Para a coordenação estadual do Movimento dos Pequenos Agricultores (MPA), o lançamento desse novo plano traduz exatamente a política do governo do Estado voltada à agricultura familiar. Proporcionalmente, os estados do Espírito Santo e Santa Catarina são, em todo o Brasil, os que mais possuem propriedades destinadas a esse tipo de cultivo, sempre diversificado, com foco no meio ambiente e sem uso de agrotóxicos e outros venenos. Por isso, como enfatiza o MPA, em comparação às propriedades camponesas, existem poucas grandes propriedades do agronegócio em território capixaba, o que não justifica que o montante financeiro destinado a essa atividade seja maior.
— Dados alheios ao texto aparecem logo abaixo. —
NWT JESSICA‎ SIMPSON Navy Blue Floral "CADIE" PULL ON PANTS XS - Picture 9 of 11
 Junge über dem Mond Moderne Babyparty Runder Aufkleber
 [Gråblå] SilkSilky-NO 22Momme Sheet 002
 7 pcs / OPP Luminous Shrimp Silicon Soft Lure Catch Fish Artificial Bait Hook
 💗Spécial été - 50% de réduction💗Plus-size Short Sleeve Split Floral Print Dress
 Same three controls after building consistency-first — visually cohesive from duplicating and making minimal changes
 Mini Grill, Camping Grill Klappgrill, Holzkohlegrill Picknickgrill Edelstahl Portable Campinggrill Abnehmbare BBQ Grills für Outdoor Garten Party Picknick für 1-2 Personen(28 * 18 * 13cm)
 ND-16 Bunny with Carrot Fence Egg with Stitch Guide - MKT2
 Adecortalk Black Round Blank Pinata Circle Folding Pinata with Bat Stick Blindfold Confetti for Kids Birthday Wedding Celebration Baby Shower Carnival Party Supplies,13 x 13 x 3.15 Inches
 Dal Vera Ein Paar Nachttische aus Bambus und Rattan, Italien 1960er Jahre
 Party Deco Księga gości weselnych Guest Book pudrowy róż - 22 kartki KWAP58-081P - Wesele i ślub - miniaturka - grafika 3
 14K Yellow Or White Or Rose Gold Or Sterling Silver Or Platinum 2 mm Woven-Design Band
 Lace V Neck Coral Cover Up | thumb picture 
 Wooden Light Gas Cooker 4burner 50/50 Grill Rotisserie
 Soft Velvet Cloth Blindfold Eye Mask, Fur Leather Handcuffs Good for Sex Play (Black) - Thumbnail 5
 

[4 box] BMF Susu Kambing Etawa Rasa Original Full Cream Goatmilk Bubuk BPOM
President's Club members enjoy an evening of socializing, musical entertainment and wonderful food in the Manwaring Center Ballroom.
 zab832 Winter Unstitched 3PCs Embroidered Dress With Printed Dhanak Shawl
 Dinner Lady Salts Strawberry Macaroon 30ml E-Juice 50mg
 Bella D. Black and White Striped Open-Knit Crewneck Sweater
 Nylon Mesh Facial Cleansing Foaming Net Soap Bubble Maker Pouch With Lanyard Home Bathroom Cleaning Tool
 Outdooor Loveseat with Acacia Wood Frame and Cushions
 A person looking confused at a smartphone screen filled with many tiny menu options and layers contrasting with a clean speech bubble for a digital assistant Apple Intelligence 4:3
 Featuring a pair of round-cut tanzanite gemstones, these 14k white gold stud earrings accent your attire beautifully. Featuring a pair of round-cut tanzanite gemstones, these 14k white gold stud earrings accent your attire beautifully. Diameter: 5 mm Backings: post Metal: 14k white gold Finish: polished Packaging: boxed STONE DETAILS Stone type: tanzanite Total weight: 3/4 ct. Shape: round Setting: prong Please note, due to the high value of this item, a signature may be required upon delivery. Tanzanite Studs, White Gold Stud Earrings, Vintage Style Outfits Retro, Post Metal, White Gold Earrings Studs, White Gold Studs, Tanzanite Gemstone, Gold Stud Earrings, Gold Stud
Segundo o Censo Agropecuário do Instituto Brasileiro de Geografia e Estatística (IBGE), que levantou dados dos anos de 2006 e 2007 e foi divulgado em 2009, a agricultura camponesa emprega no Brasil 12,3 milhões de pessoas no campo, o equivalente a 74,4% de todos os empregos gerados na área rural, em oposição ao agronegócio, que emprega apenas 25,3% dos trabalhadores do campo, cerca de 4,2 milhões de pessoas. Além disso, 84,4% dos estabelecimentos da agricultura familiar ocupam apenas 24,3% do território campesino brasileiro, enquanto 15,6% dos estabelecimentos que representam o agronegócio utilizam 75,7% das áreas ocupadas no campo.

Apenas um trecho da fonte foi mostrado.